Пусть вам не будет одиноко средь люду и в родне. Пусть души встари не сделаются сугробами зимними. А и меня не поминайте лихом. Я любил вас. Всех. Шибче себя. То не от стари, от сердца сознаюсь. Только по вас страдать стану. Тому лишь Бог свидетель. Да сохранит он вас и помилует…»
Тимка докурил папиросу. Глянул на спящих кентов.
«Ни в какую «малину» не похиляю. Идите все к лешему! Мне дед зимовье завещал. Целую тайгу. Не хочу фартовать. И вам не советую. Жизнь, она как дерево. Покуда все верно, растет, цветет. А рубанул топором ошибки, хиреть начнет. Не всякую болячку одюжит. Не все пересилит», — подумал бригадир и, успокоившись, заснул под боком Цыбули.
Шли дни, недели, месяцы. Ревела над тайгою заполошная сумасбродка-пурга. Она пеленала зимовье в толстенный сугроб. Заносила снегом петли и капканы. Надежней лома подпирала дверь зимовья, затыкала печную трубу снегом.
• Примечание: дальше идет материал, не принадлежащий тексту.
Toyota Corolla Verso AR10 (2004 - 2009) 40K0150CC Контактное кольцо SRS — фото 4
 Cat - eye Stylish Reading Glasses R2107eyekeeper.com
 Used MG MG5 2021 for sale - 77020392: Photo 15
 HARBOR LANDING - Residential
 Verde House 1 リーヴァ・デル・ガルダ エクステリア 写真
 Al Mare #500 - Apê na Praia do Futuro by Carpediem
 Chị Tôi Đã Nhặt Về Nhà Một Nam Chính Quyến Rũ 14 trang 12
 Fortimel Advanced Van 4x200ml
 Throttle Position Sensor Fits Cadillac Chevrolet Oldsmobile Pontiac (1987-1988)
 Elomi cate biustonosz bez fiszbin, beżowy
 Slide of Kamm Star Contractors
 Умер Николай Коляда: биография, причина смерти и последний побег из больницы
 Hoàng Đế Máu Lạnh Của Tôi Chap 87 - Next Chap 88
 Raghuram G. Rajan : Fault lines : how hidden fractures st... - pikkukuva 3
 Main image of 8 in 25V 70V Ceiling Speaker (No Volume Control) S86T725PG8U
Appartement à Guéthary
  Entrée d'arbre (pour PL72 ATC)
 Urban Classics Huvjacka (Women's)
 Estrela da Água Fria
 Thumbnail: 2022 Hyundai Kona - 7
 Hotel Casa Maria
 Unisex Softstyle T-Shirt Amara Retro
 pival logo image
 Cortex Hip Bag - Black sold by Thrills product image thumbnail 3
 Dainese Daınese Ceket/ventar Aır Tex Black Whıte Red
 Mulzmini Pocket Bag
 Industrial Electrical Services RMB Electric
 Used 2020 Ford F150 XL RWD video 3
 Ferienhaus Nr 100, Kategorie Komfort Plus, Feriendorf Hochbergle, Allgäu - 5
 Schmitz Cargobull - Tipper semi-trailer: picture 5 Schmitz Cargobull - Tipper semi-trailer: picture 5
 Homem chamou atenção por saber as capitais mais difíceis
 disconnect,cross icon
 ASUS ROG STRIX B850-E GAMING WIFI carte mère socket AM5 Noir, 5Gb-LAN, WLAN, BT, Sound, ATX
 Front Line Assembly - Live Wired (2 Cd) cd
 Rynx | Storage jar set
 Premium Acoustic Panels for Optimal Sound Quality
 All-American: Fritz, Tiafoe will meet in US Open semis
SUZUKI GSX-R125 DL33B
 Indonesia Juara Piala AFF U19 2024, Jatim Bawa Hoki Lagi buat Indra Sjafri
И промысловики, проснувшись, порою не могли понять, ночь в тайге или утро.
Словно из склепа, выбирались из зимовья и благодарили судьбу, что не замерзли, не задохнулись в избе.
В такие дни выходить в тайгу никто не решался. Да и какой смысл искать зверя, загнанного пургой под глубокий снег? И тогда подолгу текли в избе разговоры о прошлом и будущем. О настоящем дне думать не хотелось.